Saturday, March 10, 2012

Jeff's Met Picks: House of Worth

Evening dress, 1898–1900
House of Worth (French, 1858–1956)
Silk


The often forgotten Costume Collection features this gown by one of the very first couturiers, Charles Fredericke Worth. It is a remarkable example of the prevailing design form of the day, the one that preceded Art Deco, called Art Nouveau.

Jeff's Met Picks: Rothko

No. 13 (White, Red, on Yellow), 1958
Mark Rothko (American, born Russia, 1903–1970)
Oil and acrylic with powdered pigments on canvas



Emerging from the horrors of two world wars, Rothko was on the avant-garde of a series of artists who felt that representational art no longer expressed the emotional scars of grief and horror that had scoured the entire earth. So he turned completely to abstraction.  Bypassing all the literary parts of our brain, Rothko generates pure emotion in his "windows on the universe." I look in his paintings, and catch a glimpse of eternity. I can stand in front of them for hours.

Jeff's Met Picks: Cristofori's piano et forte

Grand Piano, 1720
Made by Bartolomeo Cristofori (Italian, 1655–1731)
Florence, Italy
Various materials



One of four extant pianos in the world created by the very inventor of the piano (or pianoforte as it was known), Bartolomeo Cristofori. Without this, we would not have has Bach or Mozart or Beethoven or Liszt, or Rachmaninoff or Debussey or ...

Jeff's Met Picks: Frank Lloyd Wright

Living room from the Little House, Wayzata, Minnesota, 1912–14
Frank Lloyd Wright (American, 1867–1959)



This living room is a wonderful synthesis of everything Wright tried to establish as modern, inviting, open living spaces, where family could convene, relax, and commune. It's influences come from the earth, from Japan, from the prairie. It is a conversation with the world.

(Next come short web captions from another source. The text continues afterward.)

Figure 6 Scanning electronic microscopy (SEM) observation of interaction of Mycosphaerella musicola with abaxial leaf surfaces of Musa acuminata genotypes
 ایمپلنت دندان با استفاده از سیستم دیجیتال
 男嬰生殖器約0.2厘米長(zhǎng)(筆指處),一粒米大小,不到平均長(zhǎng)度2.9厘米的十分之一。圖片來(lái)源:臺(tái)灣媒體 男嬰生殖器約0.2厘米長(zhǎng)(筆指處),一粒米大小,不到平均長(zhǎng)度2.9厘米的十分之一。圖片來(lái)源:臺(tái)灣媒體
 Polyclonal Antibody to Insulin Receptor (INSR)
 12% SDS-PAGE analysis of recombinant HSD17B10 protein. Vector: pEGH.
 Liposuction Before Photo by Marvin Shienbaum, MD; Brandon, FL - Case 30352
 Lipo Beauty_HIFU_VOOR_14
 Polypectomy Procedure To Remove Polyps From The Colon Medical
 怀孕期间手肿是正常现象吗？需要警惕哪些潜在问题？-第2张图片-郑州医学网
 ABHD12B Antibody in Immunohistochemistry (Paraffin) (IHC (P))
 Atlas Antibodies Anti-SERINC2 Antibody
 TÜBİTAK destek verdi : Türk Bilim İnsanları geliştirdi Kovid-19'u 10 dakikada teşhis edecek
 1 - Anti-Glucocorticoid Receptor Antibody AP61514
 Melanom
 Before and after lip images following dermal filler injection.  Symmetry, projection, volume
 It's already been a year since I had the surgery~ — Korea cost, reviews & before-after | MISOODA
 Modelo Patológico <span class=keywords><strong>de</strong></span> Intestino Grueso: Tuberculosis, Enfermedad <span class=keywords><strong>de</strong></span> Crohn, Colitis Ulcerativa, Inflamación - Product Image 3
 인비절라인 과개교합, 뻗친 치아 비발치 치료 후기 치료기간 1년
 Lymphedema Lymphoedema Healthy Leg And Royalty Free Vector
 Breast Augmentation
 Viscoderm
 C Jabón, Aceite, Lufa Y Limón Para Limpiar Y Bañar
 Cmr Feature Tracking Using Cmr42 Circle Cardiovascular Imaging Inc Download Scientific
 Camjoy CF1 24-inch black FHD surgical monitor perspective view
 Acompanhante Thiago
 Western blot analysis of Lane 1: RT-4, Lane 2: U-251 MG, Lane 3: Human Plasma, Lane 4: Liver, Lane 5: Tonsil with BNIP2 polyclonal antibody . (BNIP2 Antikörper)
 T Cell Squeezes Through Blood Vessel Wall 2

Jeff's Met Picks: Alexander Calder

Mobile
Alexander Calder  (American, Philadelphia, Pennsylvania 1898–1976 New York City)
Alexander Calder invented the mobile in 1931, which was christened by his friend Marcel Duchamp. You may have had one dangling over your cradle. Calder's works are all over the world--some of the greatest public art we know. And, they change and move and dance and flow. Miracles of art on a string.

Jeff's Met Picks: Rodin

The Burghers of Calais
Auguste Rodin  (French, Paris 1840–1917 Meudon)



























*******



After visiting the Rodin Museum in Paris and observing the painstaking process Rodin went through to achieve this monumental sculpture, each of the six figures agonized over in rendering after rendering and grouped together in any number of sculptural sketches, it is a wonder he ever sculpted anything else, let alone thousands of pieces of everything from mythological figures, to fantastical Biblical explorations, to busts and figures of his contemporaries, some of the greatest thinkers and artists the world ever produced. Do you remember the conversation the Burghers are having here? If not, we'll go see it again and listen to them.

Jeff's Met Picks: Turner

Venice, from the Porch of Madonna della Salute
Joseph Mallord William Turner  (British, London 1775–1851 London)
Turner's incredible use of "atmospherics" are so masterful, you can almost smell Venice as you stand before this enormous and enormously detailed painting.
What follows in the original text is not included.